Dershowitz told DailyMail.com that ‘if the government improperly seizes private or privileged material, the violation has already occurred, even if the government never uses them.’
‘Remember who comprises the firewall and taint teams,’ he explained, quoting in an email from what he said was a forthcoming column. It’s ‘other FBI agents, prosecutors and government officials who have no right under the Fourth and Sixth Amendments, even to see private or confidential materials, regardless whether it is ever used against a defendant.’
Ultimately, Dershowitz’s beef may be with whichever federal judge green-lighted the DOJ’s request for a search warrant covering the places where Cohen lives and works.
It’s likely that the agency convinced the jurist that Cohen had documents showing evidence of a crime. But even so, the Harvard professor said, those documents could have been privately subpoenaed.
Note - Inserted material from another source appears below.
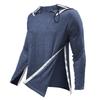 Post Shoulder Surgery Shirts for Men Tearaway Recovery Long Sleeve Shirt Women Full Open Side Snap Chemo Dialysis Adaptive Clothing Navy S view 1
He compared Monday’s document dragnet to government surveillance of a confession heard by a priest, a patient’s discussion with her doctor, or a husband and wife talking about their sex life.
‘The government simply has no right to this material,’ he said.
Washington, D.C. criminal defense lawyer Barry Pollack told the Associated Press on Tuesday that it is ‘extremely rare’ for authorities to conduct searches in lawyers’ offices.
Such a search warrant is a measure of last resort because of problems posed by the attorney-client privilege, according to the Justice Department’s manual for federal prosecutors.
‘Only if they have considered other means for obtaining the evidence they are seeking and have decided that other means are not going to be effective,’ said Pollack, a former president of the National Association of Criminal Defense Lawyers.
After prosecutors decided they needed a warrant, they still had to get authorization from the top federal prosecutor in New York or a high-ranking Justice Department official. Prosecutors also had to confer with the department’s criminal division, according to the rules.
Still, Dershowitz said Monday night in a Fox News Channel interview that it had been ‘a very dangerous day today for lawyer-client relations.’
‘If this were Hillary Clinton [having her lawyer’s office raided], the ACLU would be on every TV station in America jumping up and down,’ he protested.
‘The deafening silence of the ACLU and civil libertarians about the intrusion into the lawyer-client confidentiality is really appalling.’